╭─ AVAILABLE DATA

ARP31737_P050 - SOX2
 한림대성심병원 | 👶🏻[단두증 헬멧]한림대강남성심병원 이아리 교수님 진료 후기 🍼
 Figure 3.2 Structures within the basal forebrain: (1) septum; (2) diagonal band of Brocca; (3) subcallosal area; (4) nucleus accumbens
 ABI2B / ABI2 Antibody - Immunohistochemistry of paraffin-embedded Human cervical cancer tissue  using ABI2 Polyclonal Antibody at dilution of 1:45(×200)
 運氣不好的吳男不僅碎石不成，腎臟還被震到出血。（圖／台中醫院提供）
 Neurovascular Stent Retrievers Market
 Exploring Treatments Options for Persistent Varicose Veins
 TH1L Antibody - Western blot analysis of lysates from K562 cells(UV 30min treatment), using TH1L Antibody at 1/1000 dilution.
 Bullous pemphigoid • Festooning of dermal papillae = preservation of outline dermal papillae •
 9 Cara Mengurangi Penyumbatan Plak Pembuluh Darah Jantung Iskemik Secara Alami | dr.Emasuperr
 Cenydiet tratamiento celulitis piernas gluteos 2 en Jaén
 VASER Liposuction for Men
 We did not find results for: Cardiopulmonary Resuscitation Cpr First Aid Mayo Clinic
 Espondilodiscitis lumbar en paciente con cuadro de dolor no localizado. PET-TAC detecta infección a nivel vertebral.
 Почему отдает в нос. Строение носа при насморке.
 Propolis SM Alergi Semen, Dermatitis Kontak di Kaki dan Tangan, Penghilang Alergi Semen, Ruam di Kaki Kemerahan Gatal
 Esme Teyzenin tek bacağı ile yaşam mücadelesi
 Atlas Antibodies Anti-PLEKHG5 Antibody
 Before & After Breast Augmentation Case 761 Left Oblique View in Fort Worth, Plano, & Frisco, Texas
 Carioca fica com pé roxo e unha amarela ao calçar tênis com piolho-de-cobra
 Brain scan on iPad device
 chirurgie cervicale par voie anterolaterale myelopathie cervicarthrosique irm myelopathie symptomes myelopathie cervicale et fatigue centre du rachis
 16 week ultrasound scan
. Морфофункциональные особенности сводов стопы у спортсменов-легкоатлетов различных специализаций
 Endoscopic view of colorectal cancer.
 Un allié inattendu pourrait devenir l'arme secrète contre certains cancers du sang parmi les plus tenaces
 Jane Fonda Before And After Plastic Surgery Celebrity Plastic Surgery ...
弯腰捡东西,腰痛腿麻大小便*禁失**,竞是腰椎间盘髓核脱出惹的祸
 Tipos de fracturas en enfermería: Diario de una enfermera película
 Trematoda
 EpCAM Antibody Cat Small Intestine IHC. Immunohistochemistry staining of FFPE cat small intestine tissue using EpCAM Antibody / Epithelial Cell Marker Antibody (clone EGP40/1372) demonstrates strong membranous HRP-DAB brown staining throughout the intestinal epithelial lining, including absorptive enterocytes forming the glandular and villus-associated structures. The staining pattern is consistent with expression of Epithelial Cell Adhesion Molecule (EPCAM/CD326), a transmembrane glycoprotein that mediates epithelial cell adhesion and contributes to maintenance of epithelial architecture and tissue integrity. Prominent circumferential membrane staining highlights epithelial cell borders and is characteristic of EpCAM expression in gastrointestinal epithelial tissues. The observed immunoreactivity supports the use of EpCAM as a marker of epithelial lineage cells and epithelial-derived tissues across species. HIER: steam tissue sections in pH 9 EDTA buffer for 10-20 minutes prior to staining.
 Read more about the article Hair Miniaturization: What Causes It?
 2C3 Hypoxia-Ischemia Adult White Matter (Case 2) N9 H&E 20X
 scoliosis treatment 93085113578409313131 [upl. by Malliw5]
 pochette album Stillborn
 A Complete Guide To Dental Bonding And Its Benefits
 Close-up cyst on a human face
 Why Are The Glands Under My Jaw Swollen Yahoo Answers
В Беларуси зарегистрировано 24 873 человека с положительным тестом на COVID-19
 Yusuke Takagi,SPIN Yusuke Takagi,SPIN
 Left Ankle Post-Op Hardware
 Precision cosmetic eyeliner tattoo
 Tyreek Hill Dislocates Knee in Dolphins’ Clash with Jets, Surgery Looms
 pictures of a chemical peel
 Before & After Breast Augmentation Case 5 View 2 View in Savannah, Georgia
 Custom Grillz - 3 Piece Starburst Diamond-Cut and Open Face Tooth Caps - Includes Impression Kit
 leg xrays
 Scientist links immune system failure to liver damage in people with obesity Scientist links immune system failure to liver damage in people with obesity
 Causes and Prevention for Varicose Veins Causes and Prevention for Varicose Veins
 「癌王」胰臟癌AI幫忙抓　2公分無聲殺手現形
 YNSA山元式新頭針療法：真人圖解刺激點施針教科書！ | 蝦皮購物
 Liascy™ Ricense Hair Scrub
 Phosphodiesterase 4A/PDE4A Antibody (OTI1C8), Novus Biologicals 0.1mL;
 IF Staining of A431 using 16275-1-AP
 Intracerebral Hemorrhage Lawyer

╰─

**GOAL OF THE EXERCISE:** Please quote the records above exactly, without skipping a line.

**SOLUTION TO THE PROBLEM:**
ARP31737_P050 - SOX2
 한림대성심병원 | 👶🏻[단두증 헬멧]한림대강남성심병원 이아리 교수님 진료 후기 🍼
 Figure 3.2 Structures within the basal forebrain: (1) septum; (2) diagonal band of Brocca; (3) subcallosal area; (4) nucleus accumbens
 ABI2B / ABI2 Antibody - Immunohistochemistry of paraffin-embedded Human cervical cancer tissue  using ABI2 Polyclonal Antibody at dilution of 1:45(×200)
 運氣不好的吳男不僅碎石不成，腎臟還被震到出血。（圖／台中醫院提供）
 Neurovascular Stent Retrievers Market
 Exploring Treatments Options for Persistent Varicose Veins
 TH1L Antibody - Western blot analysis of lysates from K562 cells(UV 30min treatment), using TH1L Antibody at 1/1000 dilution.
 Bullous pemphigoid • Festooning of dermal papillae = preservation of outline dermal papillae •
 9 Cara Mengurangi Penyumbatan Plak Pembuluh Darah Jantung Iskemik Secara Alami | dr.Emasuperr
 Cenydiet tratamiento celulitis piernas gluteos 2 en Jaén
 VASER Liposuction for Men
 We did not find results for: Cardiopulmonary Resuscitation Cpr First Aid Mayo Clinic
 Espondilodiscitis lumbar en paciente con cuadro de dolor no localizado. PET-TAC detecta infección a nivel vertebral.
 Почему отдает в нос. Строение носа при насморке.
 Propolis SM Alergi Semen, Dermatitis Kontak di Kaki dan Tangan, Penghilang Alergi Semen, Ruam di Kaki Kemerahan Gatal
 Esme Teyzenin tek bacağı ile yaşam mücadelesi
 Atlas Antibodies Anti-PLEKHG5 Antibody
 Before & After Breast Augmentation Case 761 Left Oblique View in Fort Worth, Plano, & Frisco, Texas
 Carioca fica com pé roxo e unha amarela ao calçar tênis com piolho-de-cobra
 Brain scan on iPad device
 chirurgie cervicale par voie anterolaterale myelopathie cervicarthrosique irm myelopathie symptomes myelopathie cervicale et fatigue centre du rachis
 16 week ultrasound scan
. Морфофункциональные особенности сводов стопы у спортсменов-легкоатлетов различных специализаций
 Endoscopic view of colorectal cancer.
 Un allié inattendu pourrait devenir l'arme secrète contre certains cancers du sang parmi les plus tenaces
 Jane Fonda Before And After Plastic Surgery Celebrity Plastic Surgery ...
弯腰捡东西,腰痛腿麻大小便*禁失**,竞是腰椎间盘髓核脱出惹的祸
 Tipos de fracturas en enfermería: Diario de una enfermera película
 Trematoda
 EpCAM Antibody Cat Small Intestine IHC. Immunohistochemistry staining of FFPE cat small intestine tissue using EpCAM Antibody / Epithelial Cell Marker Antibody (clone EGP40/1372) demonstrates strong membranous HRP-DAB brown staining throughout the intestinal epithelial lining, including absorptive enterocytes forming the glandular and villus-associated structures. The staining pattern is consistent with expression of Epithelial Cell Adhesion Molecule (EPCAM/CD326), a transmembrane glycoprotein that mediates epithelial cell adhesion and contributes to maintenance of epithelial architecture and tissue integrity. Prominent circumferential membrane staining highlights epithelial cell borders and is characteristic of EpCAM expression in gastrointestinal epithelial tissues. The observed immunoreactivity supports the use of EpCAM as a marker of epithelial lineage cells and epithelial-derived tissues across species. HIER: steam tissue sections in pH 9 EDTA buffer for 10-20 minutes prior to staining.
 Read more about the article Hair Miniaturization: What Causes It?
 2C3 Hypoxia-Ischemia Adult White Matter (Case 2) N9 H&E 20X
 scoliosis treatment 93085113578409313131 [upl. by Malliw5]
 pochette album Stillborn
 A Complete Guide To Dental Bonding And Its Benefits
 Close-up cyst on a human face
 Why Are The Glands Under My Jaw Swollen Yahoo Answers
В Беларуси зарегистрировано 24 873 человека с положительным тестом на COVID-19
 Yusuke Takagi,SPIN Yusuke Takagi,SPIN
 Left Ankle Post-Op Hardware
 Precision cosmetic eyeliner tattoo
 Tyreek Hill Dislocates Knee in Dolphins’ Clash with Jets, Surgery Looms
 pictures of a chemical peel
 Before & After Breast Augmentation Case 5 View 2 View in Savannah, Georgia
 Custom Grillz - 3 Piece Starburst Diamond-Cut and Open Face Tooth Caps - Includes Impression Kit
 leg xrays
 Scientist links immune system failure to liver damage in people with obesity Scientist links immune system failure to liver damage in people with obesity
 Causes and Prevention for Varicose Veins Causes and Prevention for Varicose Veins
 「癌王」胰臟癌AI幫忙抓　2公分無聲殺手現形
 YNSA山元式新頭針療法：真人圖解刺激點施針教科書！ | 蝦皮購物
 Liascy™ Ricense Hair Scrub
 Phosphodiesterase 4A/PDE4A Antibody (OTI1C8), Novus Biologicals 0.1mL;
 IF Staining of A431 using 16275-1-AP
 Intracerebral Hemorrhage Lawyer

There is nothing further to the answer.